Material supplied ->
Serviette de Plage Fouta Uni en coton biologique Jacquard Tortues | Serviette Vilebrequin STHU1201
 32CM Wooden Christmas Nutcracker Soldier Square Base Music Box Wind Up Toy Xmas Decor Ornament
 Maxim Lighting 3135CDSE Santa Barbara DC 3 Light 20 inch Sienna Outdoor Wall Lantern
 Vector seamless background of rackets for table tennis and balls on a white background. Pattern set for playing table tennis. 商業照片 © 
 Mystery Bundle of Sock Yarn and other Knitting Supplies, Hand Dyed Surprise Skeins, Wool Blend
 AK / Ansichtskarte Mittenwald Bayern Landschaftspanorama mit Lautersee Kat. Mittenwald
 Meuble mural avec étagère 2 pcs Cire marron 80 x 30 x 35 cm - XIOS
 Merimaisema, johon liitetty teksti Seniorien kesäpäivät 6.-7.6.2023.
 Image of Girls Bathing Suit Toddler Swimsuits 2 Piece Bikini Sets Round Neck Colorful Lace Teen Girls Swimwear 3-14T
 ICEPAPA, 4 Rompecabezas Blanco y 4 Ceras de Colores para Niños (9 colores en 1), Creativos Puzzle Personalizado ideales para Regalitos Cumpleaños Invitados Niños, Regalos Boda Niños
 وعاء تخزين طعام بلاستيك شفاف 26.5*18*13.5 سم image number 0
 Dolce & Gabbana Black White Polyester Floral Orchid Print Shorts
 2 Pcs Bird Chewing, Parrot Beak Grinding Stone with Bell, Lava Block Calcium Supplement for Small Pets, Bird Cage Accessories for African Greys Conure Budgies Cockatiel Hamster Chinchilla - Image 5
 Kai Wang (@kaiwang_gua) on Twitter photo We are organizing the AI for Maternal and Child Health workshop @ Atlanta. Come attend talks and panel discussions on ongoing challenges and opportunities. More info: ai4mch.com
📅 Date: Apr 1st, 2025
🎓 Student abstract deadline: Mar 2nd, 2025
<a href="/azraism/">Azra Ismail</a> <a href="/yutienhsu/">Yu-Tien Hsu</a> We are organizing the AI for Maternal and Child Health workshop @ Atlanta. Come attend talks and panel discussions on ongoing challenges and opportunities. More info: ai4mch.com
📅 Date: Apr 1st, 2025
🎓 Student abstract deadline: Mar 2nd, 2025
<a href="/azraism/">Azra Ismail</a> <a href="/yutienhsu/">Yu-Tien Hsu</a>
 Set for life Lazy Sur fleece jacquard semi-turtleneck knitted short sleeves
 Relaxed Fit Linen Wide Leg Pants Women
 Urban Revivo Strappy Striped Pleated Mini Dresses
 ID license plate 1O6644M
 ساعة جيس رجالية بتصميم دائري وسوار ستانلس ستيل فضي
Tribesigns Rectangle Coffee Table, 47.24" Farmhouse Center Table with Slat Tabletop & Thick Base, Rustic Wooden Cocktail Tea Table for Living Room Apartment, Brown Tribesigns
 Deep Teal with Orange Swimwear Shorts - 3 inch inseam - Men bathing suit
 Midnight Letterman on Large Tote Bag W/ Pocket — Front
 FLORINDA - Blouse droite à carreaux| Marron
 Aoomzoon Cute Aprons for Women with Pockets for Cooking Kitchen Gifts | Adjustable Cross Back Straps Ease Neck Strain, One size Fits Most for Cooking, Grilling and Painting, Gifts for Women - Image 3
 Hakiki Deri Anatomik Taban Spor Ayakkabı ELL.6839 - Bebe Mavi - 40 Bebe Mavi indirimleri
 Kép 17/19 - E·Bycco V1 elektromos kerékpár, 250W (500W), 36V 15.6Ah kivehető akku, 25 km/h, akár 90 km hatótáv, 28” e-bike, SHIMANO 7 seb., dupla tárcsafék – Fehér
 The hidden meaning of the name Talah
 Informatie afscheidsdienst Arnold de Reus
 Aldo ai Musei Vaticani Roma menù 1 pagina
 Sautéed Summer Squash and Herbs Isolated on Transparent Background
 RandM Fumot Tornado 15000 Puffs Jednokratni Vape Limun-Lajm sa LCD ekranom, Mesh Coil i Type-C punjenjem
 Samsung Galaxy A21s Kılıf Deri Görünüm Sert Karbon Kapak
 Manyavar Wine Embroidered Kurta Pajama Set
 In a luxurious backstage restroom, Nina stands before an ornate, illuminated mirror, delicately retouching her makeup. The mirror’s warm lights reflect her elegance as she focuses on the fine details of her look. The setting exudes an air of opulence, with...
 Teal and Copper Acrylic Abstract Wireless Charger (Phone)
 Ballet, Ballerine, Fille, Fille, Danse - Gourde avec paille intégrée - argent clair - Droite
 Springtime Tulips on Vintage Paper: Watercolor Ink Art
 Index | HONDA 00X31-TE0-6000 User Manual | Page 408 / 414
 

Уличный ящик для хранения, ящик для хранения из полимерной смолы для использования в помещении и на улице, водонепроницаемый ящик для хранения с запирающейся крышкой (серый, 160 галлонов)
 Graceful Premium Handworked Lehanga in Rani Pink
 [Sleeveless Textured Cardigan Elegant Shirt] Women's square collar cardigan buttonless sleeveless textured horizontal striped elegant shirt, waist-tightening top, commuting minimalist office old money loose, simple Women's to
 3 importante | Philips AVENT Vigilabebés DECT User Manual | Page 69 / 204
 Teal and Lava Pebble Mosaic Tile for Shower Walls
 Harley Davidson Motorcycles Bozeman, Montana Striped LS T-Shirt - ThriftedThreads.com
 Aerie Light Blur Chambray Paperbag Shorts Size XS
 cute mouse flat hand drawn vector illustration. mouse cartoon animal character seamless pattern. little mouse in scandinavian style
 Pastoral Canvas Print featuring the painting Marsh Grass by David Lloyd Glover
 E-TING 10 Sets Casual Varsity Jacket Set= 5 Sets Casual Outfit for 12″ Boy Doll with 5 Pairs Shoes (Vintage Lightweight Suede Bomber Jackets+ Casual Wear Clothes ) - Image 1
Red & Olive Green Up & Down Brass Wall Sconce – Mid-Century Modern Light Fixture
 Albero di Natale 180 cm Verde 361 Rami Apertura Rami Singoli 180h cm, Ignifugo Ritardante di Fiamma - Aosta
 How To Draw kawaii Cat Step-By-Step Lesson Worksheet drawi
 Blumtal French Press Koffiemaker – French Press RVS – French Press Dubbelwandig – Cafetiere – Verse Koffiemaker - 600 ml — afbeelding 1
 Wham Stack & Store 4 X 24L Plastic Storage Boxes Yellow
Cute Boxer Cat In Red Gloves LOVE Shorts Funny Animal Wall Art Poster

What the task requires ->
All the data must be duplicated exactly, with nothing added or removed.

Problem solution ->
Serviette de Plage Fouta Uni en coton biologique Jacquard Tortues | Serviette Vilebrequin STHU1201
 32CM Wooden Christmas Nutcracker Soldier Square Base Music Box Wind Up Toy Xmas Decor Ornament
 Maxim Lighting 3135CDSE Santa Barbara DC 3 Light 20 inch Sienna Outdoor Wall Lantern
 Vector seamless background of rackets for table tennis and balls on a white background. Pattern set for playing table tennis. 商業照片 © 
 Mystery Bundle of Sock Yarn and other Knitting Supplies, Hand Dyed Surprise Skeins, Wool Blend
 AK / Ansichtskarte Mittenwald Bayern Landschaftspanorama mit Lautersee Kat. Mittenwald
 Meuble mural avec étagère 2 pcs Cire marron 80 x 30 x 35 cm - XIOS
 Merimaisema, johon liitetty teksti Seniorien kesäpäivät 6.-7.6.2023.
 Image of Girls Bathing Suit Toddler Swimsuits 2 Piece Bikini Sets Round Neck Colorful Lace Teen Girls Swimwear 3-14T
 ICEPAPA, 4 Rompecabezas Blanco y 4 Ceras de Colores para Niños (9 colores en 1), Creativos Puzzle Personalizado ideales para Regalitos Cumpleaños Invitados Niños, Regalos Boda Niños
 وعاء تخزين طعام بلاستيك شفاف 26.5*18*13.5 سم image number 0
 Dolce & Gabbana Black White Polyester Floral Orchid Print Shorts
 2 Pcs Bird Chewing, Parrot Beak Grinding Stone with Bell, Lava Block Calcium Supplement for Small Pets, Bird Cage Accessories for African Greys Conure Budgies Cockatiel Hamster Chinchilla - Image 5
 Kai Wang (@kaiwang_gua) on Twitter photo We are organizing the AI for Maternal and Child Health workshop @ Atlanta. Come attend talks and panel discussions on ongoing challenges and opportunities. More info: ai4mch.com
📅 Date: Apr 1st, 2025
🎓 Student abstract deadline: Mar 2nd, 2025
<a href="/azraism/">Azra Ismail</a> <a href="/yutienhsu/">Yu-Tien Hsu</a> We are organizing the AI for Maternal and Child Health workshop @ Atlanta. Come attend talks and panel discussions on ongoing challenges and opportunities. More info: ai4mch.com
📅 Date: Apr 1st, 2025
🎓 Student abstract deadline: Mar 2nd, 2025
<a href="/azraism/">Azra Ismail</a> <a href="/yutienhsu/">Yu-Tien Hsu</a>
 Set for life Lazy Sur fleece jacquard semi-turtleneck knitted short sleeves
 Relaxed Fit Linen Wide Leg Pants Women
 Urban Revivo Strappy Striped Pleated Mini Dresses
 ID license plate 1O6644M
 ساعة جيس رجالية بتصميم دائري وسوار ستانلس ستيل فضي
Tribesigns Rectangle Coffee Table, 47.24" Farmhouse Center Table with Slat Tabletop & Thick Base, Rustic Wooden Cocktail Tea Table for Living Room Apartment, Brown Tribesigns
 Deep Teal with Orange Swimwear Shorts - 3 inch inseam - Men bathing suit
 Midnight Letterman on Large Tote Bag W/ Pocket — Front
 FLORINDA - Blouse droite à carreaux| Marron
 Aoomzoon Cute Aprons for Women with Pockets for Cooking Kitchen Gifts | Adjustable Cross Back Straps Ease Neck Strain, One size Fits Most for Cooking, Grilling and Painting, Gifts for Women - Image 3
 Hakiki Deri Anatomik Taban Spor Ayakkabı ELL.6839 - Bebe Mavi - 40 Bebe Mavi indirimleri
 Kép 17/19 - E·Bycco V1 elektromos kerékpár, 250W (500W), 36V 15.6Ah kivehető akku, 25 km/h, akár 90 km hatótáv, 28” e-bike, SHIMANO 7 seb., dupla tárcsafék – Fehér
 The hidden meaning of the name Talah
 Informatie afscheidsdienst Arnold de Reus
 Aldo ai Musei Vaticani Roma menù 1 pagina
 Sautéed Summer Squash and Herbs Isolated on Transparent Background
 RandM Fumot Tornado 15000 Puffs Jednokratni Vape Limun-Lajm sa LCD ekranom, Mesh Coil i Type-C punjenjem
 Samsung Galaxy A21s Kılıf Deri Görünüm Sert Karbon Kapak
 Manyavar Wine Embroidered Kurta Pajama Set
 In a luxurious backstage restroom, Nina stands before an ornate, illuminated mirror, delicately retouching her makeup. The mirror’s warm lights reflect her elegance as she focuses on the fine details of her look. The setting exudes an air of opulence, with...
 Teal and Copper Acrylic Abstract Wireless Charger (Phone)
 Ballet, Ballerine, Fille, Fille, Danse - Gourde avec paille intégrée - argent clair - Droite
 Springtime Tulips on Vintage Paper: Watercolor Ink Art
 Index | HONDA 00X31-TE0-6000 User Manual | Page 408 / 414
 

Уличный ящик для хранения, ящик для хранения из полимерной смолы для использования в помещении и на улице, водонепроницаемый ящик для хранения с запирающейся крышкой (серый, 160 галлонов)
 Graceful Premium Handworked Lehanga in Rani Pink
 [Sleeveless Textured Cardigan Elegant Shirt] Women's square collar cardigan buttonless sleeveless textured horizontal striped elegant shirt, waist-tightening top, commuting minimalist office old money loose, simple Women's to
 3 importante | Philips AVENT Vigilabebés DECT User Manual | Page 69 / 204
 Teal and Lava Pebble Mosaic Tile for Shower Walls
 Harley Davidson Motorcycles Bozeman, Montana Striped LS T-Shirt - ThriftedThreads.com
 Aerie Light Blur Chambray Paperbag Shorts Size XS
 cute mouse flat hand drawn vector illustration. mouse cartoon animal character seamless pattern. little mouse in scandinavian style
 Pastoral Canvas Print featuring the painting Marsh Grass by David Lloyd Glover
 E-TING 10 Sets Casual Varsity Jacket Set= 5 Sets Casual Outfit for 12″ Boy Doll with 5 Pairs Shoes (Vintage Lightweight Suede Bomber Jackets+ Casual Wear Clothes ) - Image 1
Red & Olive Green Up & Down Brass Wall Sconce – Mid-Century Modern Light Fixture
 Albero di Natale 180 cm Verde 361 Rami Apertura Rami Singoli 180h cm, Ignifugo Ritardante di Fiamma - Aosta
 How To Draw kawaii Cat Step-By-Step Lesson Worksheet drawi
 Blumtal French Press Koffiemaker – French Press RVS – French Press Dubbelwandig – Cafetiere – Verse Koffiemaker - 600 ml — afbeelding 1
 Wham Stack & Store 4 X 24L Plastic Storage Boxes Yellow
Cute Boxer Cat In Red Gloves LOVE Shorts Funny Animal Wall Art Poster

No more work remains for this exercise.